The optimal allocation for a specific scenario will depend on a large number of unique variables, but the main factors influencing resource requirements (CPU, memory (RAM), disk/storage) are the following:

  • Flow rate and volume

  • Flow contents/types

  • Exporter count

  • Data retention and aggregation settings

  • Number of features and advanced functions enabled

Important

When allocating resources to Plixer Scrutinizer deployments, dedicated rather than shared resources are recommended to ensure optimal performance.

Data retention

Plixer Scrutinizer’s data retention settings (under Admin > Settings > Data History) provide control over how much historical data is kept by the system in terms of duration and/or disk space utilization.

This page includes retention settings for the following data elements:

  • Alarms (days and disk size)

  • Audit logs (months)

  • DNS request data (days)

  • Conversation data (hours, days, or weeks, depending on interval)

  • Top conversations (count)

  • Free space threshold (percentage)

Adjusting these values to match actual data retention needs as closely as possible will allow for more efficient resource allocation and help ensure optimal system performance.

Data aggregation

Plixer Scrutinizer stores the flows it collects in their original form in one-minute (1m) buckets. These 1m records are then “rolled up” or aggregated into higher intervals (1m -> 5m -> 30m -> 2h -> 12h) to allow for faster long-term trending.

There are two data aggregation modes that control how data is saved and rolled up:

  • Traditional - Every element in the original flow template will be copied over to the higher interval templates, which takes more disk space.

  • SAF - Any flow template with the required information elements will be aggregated into a new template definition containing only common elements (srcIP, dstIP, bytes, packets, etc.), allowing for more common Reports (e.g., country, IP Group, and AS by IP, which are based on src/dst IPs) to be run while storing data more efficiently.

To learn more about data aggregation modes, see the section on data aggregation.

Note

When available storage drops below a 10% threshold, 1m and 5m historical tables will be trimmed until disk utilization drops back under 90%. Trimming is also automatically used to maintain a similar level of historical data across all configured Exporters.

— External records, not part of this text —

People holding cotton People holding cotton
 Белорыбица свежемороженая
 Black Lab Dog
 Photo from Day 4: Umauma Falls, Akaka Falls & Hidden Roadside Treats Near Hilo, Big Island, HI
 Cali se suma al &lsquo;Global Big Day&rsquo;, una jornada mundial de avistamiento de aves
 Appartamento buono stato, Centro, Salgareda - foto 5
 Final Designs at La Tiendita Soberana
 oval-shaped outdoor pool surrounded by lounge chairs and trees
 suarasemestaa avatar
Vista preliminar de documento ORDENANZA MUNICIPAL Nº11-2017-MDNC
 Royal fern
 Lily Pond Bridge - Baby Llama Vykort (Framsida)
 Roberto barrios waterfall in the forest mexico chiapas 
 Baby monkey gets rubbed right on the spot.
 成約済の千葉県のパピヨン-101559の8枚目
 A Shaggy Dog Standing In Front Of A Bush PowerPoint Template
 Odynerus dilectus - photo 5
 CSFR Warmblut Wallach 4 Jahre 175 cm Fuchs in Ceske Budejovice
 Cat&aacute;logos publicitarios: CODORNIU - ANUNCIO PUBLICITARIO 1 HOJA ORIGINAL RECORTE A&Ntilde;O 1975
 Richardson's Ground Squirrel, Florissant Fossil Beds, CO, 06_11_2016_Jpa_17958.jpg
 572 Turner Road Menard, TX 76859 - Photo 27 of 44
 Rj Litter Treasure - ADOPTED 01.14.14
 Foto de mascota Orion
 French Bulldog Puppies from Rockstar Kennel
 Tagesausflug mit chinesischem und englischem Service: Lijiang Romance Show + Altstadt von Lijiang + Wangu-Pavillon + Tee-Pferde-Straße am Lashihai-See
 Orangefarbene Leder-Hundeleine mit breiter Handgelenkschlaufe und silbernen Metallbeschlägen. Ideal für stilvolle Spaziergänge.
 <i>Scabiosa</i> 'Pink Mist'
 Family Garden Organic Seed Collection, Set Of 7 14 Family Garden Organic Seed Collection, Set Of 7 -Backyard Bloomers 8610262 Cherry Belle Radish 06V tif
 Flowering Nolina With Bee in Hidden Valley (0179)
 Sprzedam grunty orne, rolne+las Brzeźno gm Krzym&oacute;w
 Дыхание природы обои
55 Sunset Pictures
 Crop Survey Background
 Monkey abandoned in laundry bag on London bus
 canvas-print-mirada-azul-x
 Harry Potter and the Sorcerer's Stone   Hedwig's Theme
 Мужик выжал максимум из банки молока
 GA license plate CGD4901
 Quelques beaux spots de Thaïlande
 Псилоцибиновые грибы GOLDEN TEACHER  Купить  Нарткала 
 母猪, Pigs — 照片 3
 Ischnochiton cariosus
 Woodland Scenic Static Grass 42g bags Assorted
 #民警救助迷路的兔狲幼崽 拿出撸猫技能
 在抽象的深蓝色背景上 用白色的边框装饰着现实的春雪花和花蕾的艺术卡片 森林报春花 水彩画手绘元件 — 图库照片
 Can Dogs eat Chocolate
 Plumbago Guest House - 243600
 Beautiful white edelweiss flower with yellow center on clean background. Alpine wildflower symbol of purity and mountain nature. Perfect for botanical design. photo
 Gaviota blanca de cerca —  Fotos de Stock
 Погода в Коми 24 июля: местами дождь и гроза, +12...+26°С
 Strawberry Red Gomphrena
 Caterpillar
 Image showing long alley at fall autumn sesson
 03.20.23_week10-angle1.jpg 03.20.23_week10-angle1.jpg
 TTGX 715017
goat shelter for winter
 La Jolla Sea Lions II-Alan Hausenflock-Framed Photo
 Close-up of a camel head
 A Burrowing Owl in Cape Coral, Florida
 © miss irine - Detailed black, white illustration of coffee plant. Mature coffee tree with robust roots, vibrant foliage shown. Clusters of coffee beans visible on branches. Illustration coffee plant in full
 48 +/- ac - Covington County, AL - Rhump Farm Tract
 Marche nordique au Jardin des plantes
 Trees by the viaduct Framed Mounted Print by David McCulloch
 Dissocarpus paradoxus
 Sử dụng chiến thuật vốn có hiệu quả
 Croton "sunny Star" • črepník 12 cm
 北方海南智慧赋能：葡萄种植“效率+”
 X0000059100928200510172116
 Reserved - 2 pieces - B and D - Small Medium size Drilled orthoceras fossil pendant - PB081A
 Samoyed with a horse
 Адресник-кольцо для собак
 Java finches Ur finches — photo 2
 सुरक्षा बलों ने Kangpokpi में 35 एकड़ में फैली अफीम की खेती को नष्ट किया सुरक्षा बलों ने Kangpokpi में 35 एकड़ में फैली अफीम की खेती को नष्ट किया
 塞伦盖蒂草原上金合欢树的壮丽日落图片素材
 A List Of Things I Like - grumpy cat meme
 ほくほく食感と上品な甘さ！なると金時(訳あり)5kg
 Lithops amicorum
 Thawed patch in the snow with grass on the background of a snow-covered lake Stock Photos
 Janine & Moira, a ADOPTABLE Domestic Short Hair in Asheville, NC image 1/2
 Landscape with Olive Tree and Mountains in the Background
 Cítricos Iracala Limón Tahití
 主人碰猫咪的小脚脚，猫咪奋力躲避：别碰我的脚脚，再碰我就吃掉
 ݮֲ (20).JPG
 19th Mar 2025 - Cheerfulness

Feature resource requirements

The following table summarizes the additional resource requirements to support specific features for a single Plixer Replicator server/Collector:

Feature

Resource Requirements

Data streaming to Plixer ML Engine or external data lake

+25% CPU core count and RAM (to maintain the same performance)

Host indexing

+4 CPU core count and +4 GB RAM

Scanning Flow Analytics algorithms

+4 CPU core count and +4 GB RAM

Non-scanning Flow Analytics algorithms

+4 CPU core count and +4 GB RAM

Important

For the best performance 15k drives or SSDs in RAID 10 are recommended.

Additional considerations

When estimating resource allocation for a Plixer Scrutinizer deployment, the following factors should also be taken intoc consideration:

  • Disc I/O - Because Plixer Scrutinizer’s functions are highly disk-intensive, it is critical to avoid I/O bottlenecking.

Important

For the best performance, 15k drives or SSDs in RAID 10 are recommended.

  • Flow types/templates - The size and complexity of flows being received (e.g., NetFlow V5 vs IPFIX) can also have an impact on system performance. Likewise, Exporters sending the same flows in multiple templates will increase system load, so configuring Exporters to use option templates is recommended.